West Bengal is a state that lies in the eastern part of India. It is home to a wide variety of forests and wildlife, including a tiger population of 88. In 2019, Chief Minister Mamata Banerjee announced that the state was taking steps to increase the tiger population in the state. The state is currently looking to augment the tiger population in Buxa Tiger Reserve. The state is also radio-collaring and monitoring the tiger population in Sundarban Tiger Reserve.
The tiger population in Rajasthan has more than doubled since 2006 when the tiger population was 32. Currently, there are approximately 69 tigers in the state. In the Central India region and Eastern-Ghats, an area covering eight states, Rajasthan ranks third in the tiger population after Madhya Pradesh and Maharashtra. Rajasthan has three tiger reserves, and include Sariska Tiger Reserve, Ranthambore Tiger Reserve, and the Mukundra Hills Tiger Reserve. The state’s forests department is considering developing more habitats to minimize the recurring incidents of human-wildlife conflict. The department is looking to introduce tigers in forested areas such as Ramgarh Vishdhari, Rawli Toadgarh, Shergarh, Kumbhalgarh, Jhiri, Khetri, Sultanpur, and Shahbad.
In 2018, the tiger population in Andhra Pradesh was 48, a significant decline from a population of 95 recorded in 2006. Poaching is a considerable challenge in the state. The state’s forest department is also severely understaffed. According to the Deccan Chronicle, 50% of positions in the state’s forest department are vacant. The department is, therefore, unable to deal with the organized gangs of poachers in the state. The forest department is currently running a communal-policing initiative to help tackle poaching in the area.

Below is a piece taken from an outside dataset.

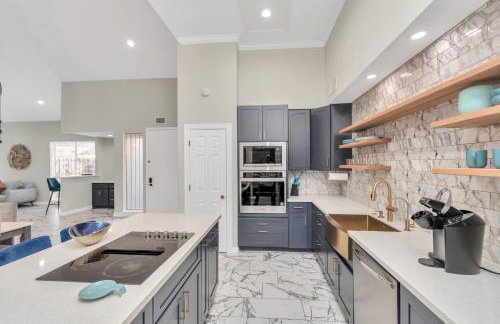 AccessibleGem 3BR Jacuzzi & Air Hockey Sleeps 13 Chinatown - Foto 13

According to the last census, there were 31 tigers in the state of Bihar. The tigers were concentrated in the Valmiki Tiger Reserve (the only tiger reserve in the state). State officials have identified forests in Kaimur as a possible site for a second tiger reserve. The new reserve is meant to ease the burden on the Valmiki Tiger Reserve, which is nearing its maximum capacity of 50 tigers. The state is planning on improving the habitat in the area and establishing a security framework for tiger conservation and protection before sending a formal proposal to have the area declared as a new tiger reserve.

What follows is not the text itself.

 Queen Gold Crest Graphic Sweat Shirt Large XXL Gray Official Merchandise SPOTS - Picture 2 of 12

Arunachal Pradesh And Other States
Tiger conservation in Arunachal Pradesh has had its fair share of ups and downs. In 2006, the tiger population in the state was 14, and four years later, the state did not record a single tiger in its territory. In 2014, only 28 tigers were sighted. The number later rose to 29 in 2018. State forest officials have attributed the turnaround to improved protection of tiger habitats and the use of scientific mapping technology. Other states with a tiger population above ten are Odisha and Chhattisgarh, with 28 and 19 respectively. Jharkhand and Goa had five and three tigers, respectively.
India’s protected areas have been unable to expand at the same rate as the tiger population. Some big cats have, therefore, been forced to turn to areas with human settlements for survival. As a result, tigers have been blamed for the death of livestock and people in areas bordering reserves. In some places, traditional tolerance is beginning to wear thin, leading to riots and tiger killings. While the majority of tigers are not man-eaters, a growing number of people are beginning to look negatively on tiger conservation. To protect the rest of the tiger population for retaliatory attacks, experts suggest putting down man-eating tigers before they kill again to keep the peace. Some animal rights groups are, however, opposed to the move. Trapping of the man-eaters for translocation or confinement in fenced areas has been proposed as an alternative method to stop the menace.